Imola. Due bar importanti del centro storico, il July bar e il bar Fiat, hanno chiuso i battenti alla vigilia delle festività natalizie. Un brutto segnale per le attività del centro storico, che dovevano diventare un fiore all'occhiello nelle intenzioni della giunta guidata dal sindaco Daniele Manca, e che invece vede luoghi di ritrovo e svago che abbassano le serrande. In un primo tempo, nella lista sembrava esserci anche il Bar Mokador (ex Parigi) ma i proprietari presenti il 4 dicembre al lavoro hanno smentito, almeno per ora, questa eventualità. Comunque, è un ulteriore segnale della crisi economica acccentuata probabilmente dall'apertura del Dulcis in piazza Matteotti. E forse anche la pasticceria “La Rocca” di via San Pier Grisologo si sposterà a limiti della “nuova” zona a traffico limitato.
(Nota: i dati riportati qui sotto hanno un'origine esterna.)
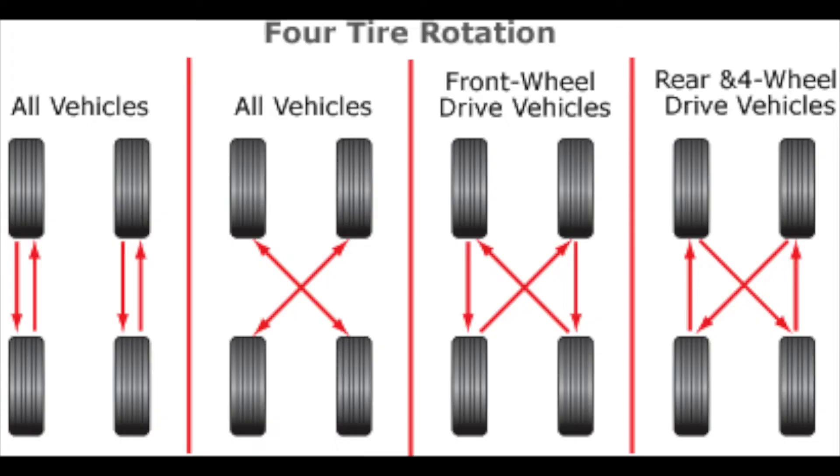I have staggered tires with directional tires on my car right now, so I'm not able to rotate them any type of way unless I break the bead off and put them in the correct rotation cycle. It's a lot of work — each tire has to get broken off the bead, so instead of just rotating them off the lug, I have to take them off the lug and break the bead.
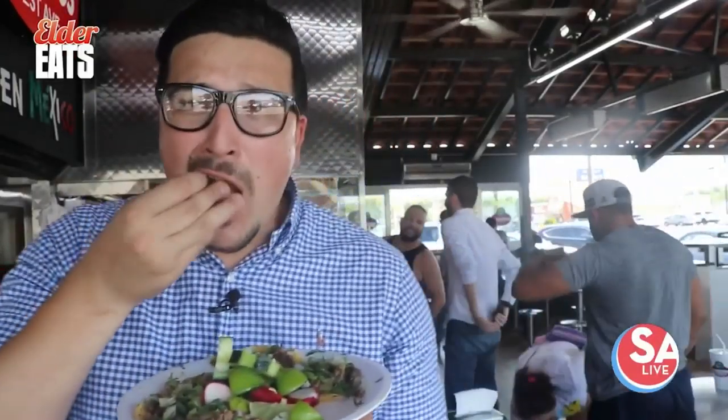These tacos are absolutely insane. If you don't come out here, you're doing something wrong. I'm going to tell you that right now. We are 100% authentic Mexican food — everybody from here is from Mexico. Everything from the service and the food is authentic 100%. This is one of my favorite places I've ever visited, man. Everything here absolutely fantastic, cooked to perfection. They know what they're doing out here.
Secondo i consiglieri del Pdl Simone Carapia e Alessandro Mirri “ciò mostra una situazione di incertezza estremamente pesante, che non fa bene al tessuto produttivo dell’area storica della città dove, invece, servirebbe una reale iniezione di rilancio e di prospettiva. A questo punto chi governa deve intervenire anche facendo capire ai proprietari degli immobili dove sono ubicati questi bar che in questo momento di crisi devono essere più flessibili anche per quanto riguarda gli affitti di locazione. Questi bar storici non sono gli unici in difficoltà e quindi l’assessore competente (Elisabetta Marchetti, ndr) deve farsi carico di una situazione che potrebbe degenerare e addirittura esplodere. Oggi, al contrario, tanto per fare un esempio, assistiamo a negozi che aprono e poi chiudono nello spazio di un tempo brevissimo. Ci domandiamo qualche sicurezza può trovare un cliente? Andando avanti così il centro storico rischia di perdere la qualità del suo commercio, quel suo carattere distintivo e, se vogliamo, esclusivo, per cui anche dal circondario si veniva a fare la spesa in centro. I propositi di un rilancio del centro storico, uno dei cavalli di battaglia della campagna elettorale del centro sinistra non ammettono tentennamenti di sorta. Gli imolesi attendono risposte e non solo parole di facciata utili solo ad attirare consenso”.